In the past, sailors were given an allowance for spirits (usually whiskey or rum, since water tended to go bad on long voyages) and citrus (because the vitamin C in lemons and limes helped prevent scurvy). Put them together; add a little sugar, and you have a Whiskey Sour!
It’s also possible that the Whiskey Sour is just a scaled-down version of a punch, designed to serve just one. Punches predate cocktails by quite a while, but if you look at old punch recipes, you’ll notice the basic structure of a Whiskey Sour: base spirit, citrus, and sweetener.
However the Whiskey Sour came to be, when you drink one, you can be sure you’re part of a long and proud tradition!
WHAT KIND OF WHISKEY SHOULD I USE?
The Whiskey Sour is a very versatile drink; you can make it with bourbon, rye, Tennessee whiskey, or even scotch. I like it best with rye whiskey for a little extra spice and edge to balance out the drink’s sweetness, but feel free to try this with whatever whiskey you happen to have around.
If you’re buying specifically for this drink, I wouldn’t go for anything too expensive, since the lemon and sugar will cover the complexities that set those whiskeys apart. For rye, Rittenhouse and Old Overholt are very nice; for bourbon, try Four Roses or Wild Turkey.
SHOULD I ADD A RAW EGG WHITE?
You can make a perfectly lovely Whiskey Sour by sticking to the original recipe of just whiskey, lemon juice, and sugar. These three ingredients balance each other beautifully.
But if you want to take your Whiskey Sour to the next level, add an egg white. This will not, in fact, make your cocktail taste like egg. Instead, the egg white will add texture, richness, and a particular creaminess that will make it seem almost like a whiskey milkshake.

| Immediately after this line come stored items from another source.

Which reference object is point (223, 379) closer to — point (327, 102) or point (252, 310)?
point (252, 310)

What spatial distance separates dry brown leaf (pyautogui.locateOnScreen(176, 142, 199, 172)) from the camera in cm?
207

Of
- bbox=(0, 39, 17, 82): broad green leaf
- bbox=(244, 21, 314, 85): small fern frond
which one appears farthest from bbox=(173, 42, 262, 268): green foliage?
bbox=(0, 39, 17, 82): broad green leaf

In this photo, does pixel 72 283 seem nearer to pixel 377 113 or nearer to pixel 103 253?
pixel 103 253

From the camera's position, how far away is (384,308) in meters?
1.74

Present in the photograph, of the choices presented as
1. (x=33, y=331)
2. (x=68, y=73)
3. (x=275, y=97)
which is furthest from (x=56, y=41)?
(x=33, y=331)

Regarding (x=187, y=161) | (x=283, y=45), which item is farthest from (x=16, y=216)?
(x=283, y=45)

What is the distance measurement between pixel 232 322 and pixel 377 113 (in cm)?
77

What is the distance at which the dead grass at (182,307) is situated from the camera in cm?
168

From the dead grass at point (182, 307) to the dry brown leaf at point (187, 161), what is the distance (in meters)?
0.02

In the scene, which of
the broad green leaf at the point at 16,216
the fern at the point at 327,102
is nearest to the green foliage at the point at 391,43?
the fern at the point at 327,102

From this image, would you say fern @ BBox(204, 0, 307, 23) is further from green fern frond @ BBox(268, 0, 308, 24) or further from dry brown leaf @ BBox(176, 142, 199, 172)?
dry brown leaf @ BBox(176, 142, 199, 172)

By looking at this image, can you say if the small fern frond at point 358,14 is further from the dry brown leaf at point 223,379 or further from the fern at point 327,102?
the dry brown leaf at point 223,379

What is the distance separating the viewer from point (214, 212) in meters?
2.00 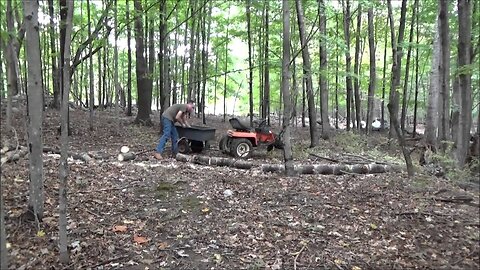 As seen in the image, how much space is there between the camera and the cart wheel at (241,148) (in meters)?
10.1

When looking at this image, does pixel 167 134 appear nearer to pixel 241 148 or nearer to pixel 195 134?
pixel 195 134

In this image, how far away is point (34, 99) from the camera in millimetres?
3920

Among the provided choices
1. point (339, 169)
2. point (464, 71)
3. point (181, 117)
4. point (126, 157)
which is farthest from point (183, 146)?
point (464, 71)

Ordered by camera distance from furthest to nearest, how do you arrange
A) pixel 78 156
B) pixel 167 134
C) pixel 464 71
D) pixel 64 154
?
pixel 167 134
pixel 78 156
pixel 464 71
pixel 64 154

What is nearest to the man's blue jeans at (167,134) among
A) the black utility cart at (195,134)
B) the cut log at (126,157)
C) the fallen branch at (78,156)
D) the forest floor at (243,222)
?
the black utility cart at (195,134)

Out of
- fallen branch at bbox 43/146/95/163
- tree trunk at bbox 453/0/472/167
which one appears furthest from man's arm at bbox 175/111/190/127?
tree trunk at bbox 453/0/472/167

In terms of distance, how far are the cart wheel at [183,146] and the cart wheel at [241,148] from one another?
4.24ft

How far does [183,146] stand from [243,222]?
5.83 meters

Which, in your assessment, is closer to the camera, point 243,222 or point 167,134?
point 243,222

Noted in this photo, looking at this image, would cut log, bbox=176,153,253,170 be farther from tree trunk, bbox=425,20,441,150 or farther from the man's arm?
tree trunk, bbox=425,20,441,150

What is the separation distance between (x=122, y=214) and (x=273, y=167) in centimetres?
376

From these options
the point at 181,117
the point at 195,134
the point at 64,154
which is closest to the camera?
the point at 64,154

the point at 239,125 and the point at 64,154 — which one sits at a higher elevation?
the point at 239,125

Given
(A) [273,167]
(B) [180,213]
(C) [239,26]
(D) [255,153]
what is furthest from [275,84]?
(B) [180,213]
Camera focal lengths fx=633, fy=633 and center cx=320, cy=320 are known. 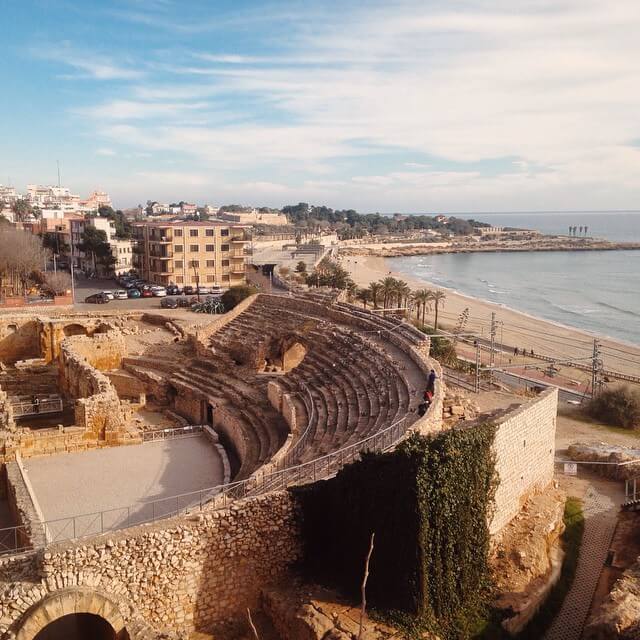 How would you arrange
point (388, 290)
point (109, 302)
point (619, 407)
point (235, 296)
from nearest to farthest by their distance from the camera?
1. point (619, 407)
2. point (235, 296)
3. point (109, 302)
4. point (388, 290)

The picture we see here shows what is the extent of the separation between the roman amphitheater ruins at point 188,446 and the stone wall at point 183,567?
0.02 metres

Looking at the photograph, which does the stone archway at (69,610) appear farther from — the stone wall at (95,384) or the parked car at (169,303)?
the parked car at (169,303)

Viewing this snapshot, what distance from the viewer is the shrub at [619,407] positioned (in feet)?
90.8

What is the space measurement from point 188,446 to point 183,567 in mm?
11671

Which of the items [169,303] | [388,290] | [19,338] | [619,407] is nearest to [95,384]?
[19,338]

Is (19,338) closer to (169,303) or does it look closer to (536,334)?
(169,303)

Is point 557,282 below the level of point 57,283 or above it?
below

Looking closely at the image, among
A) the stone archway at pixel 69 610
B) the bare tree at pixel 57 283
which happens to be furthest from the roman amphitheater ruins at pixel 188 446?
the bare tree at pixel 57 283

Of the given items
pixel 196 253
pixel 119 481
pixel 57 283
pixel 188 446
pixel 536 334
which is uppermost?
pixel 196 253

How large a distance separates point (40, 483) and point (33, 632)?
369 inches

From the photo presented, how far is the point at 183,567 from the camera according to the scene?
11773mm

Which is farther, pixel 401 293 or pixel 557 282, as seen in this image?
pixel 557 282

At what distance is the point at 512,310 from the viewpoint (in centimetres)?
7094

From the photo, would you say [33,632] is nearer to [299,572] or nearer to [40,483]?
[299,572] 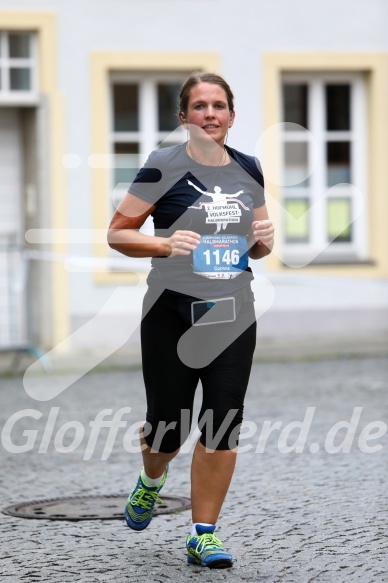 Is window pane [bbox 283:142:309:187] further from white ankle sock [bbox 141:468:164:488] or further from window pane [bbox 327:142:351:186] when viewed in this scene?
white ankle sock [bbox 141:468:164:488]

Now, I know what you’re thinking: What about salmonella?
Your chances of getting salmonella from raw eggs are pretty low. The CDC estimates that only around 1 in 20,000 eggs are contaminated with the bacteria, and even if you do get a contaminated egg, as long as the egg is kept refrigerated below 45˚F, the bacteria will have no chance to grow.
If you’re still worried, you can purchase pasteurized eggs, which are heated for a period of time to eliminate bacteria. You can also use pre-packaged, pasteurized egg whites like Egg Beaters, which will also save you the trouble of extracting the egg white from the yolk.
HOW TO SHAKE A WHISKEY SOUR
One of the beautiful things about adding an egg white to your cocktail is the rich, creamy texture it imparts. To get a nice, foamy drink, try one of these shaking styles:
- A Dry Shake: Shake the cocktail first without ice, and then add the ice and shake again.
- A Reverse Dry Shake: Shake the cocktail with ice first; strain the ice out, and re-shake.
I prefer the texture imparted by the traditional dry shake, but if you want to get a truly ridiculous amount of foam, the reverse dry shake is the way to go.
ADDING BITTERS TO YOUR WHISKEY SOUR
Should you add Angostura bitters to your Whiskey Sour? Yes! Angostura bitters adds dimension to the flavor, and a little visual pizazz. Use a dropper (or a very gentle motion with the bottle) to drop bitters onto the top of your egg white foam, then use a toothpick (or a cocktail pick) to make patterns in the foam. The sky’s the limit!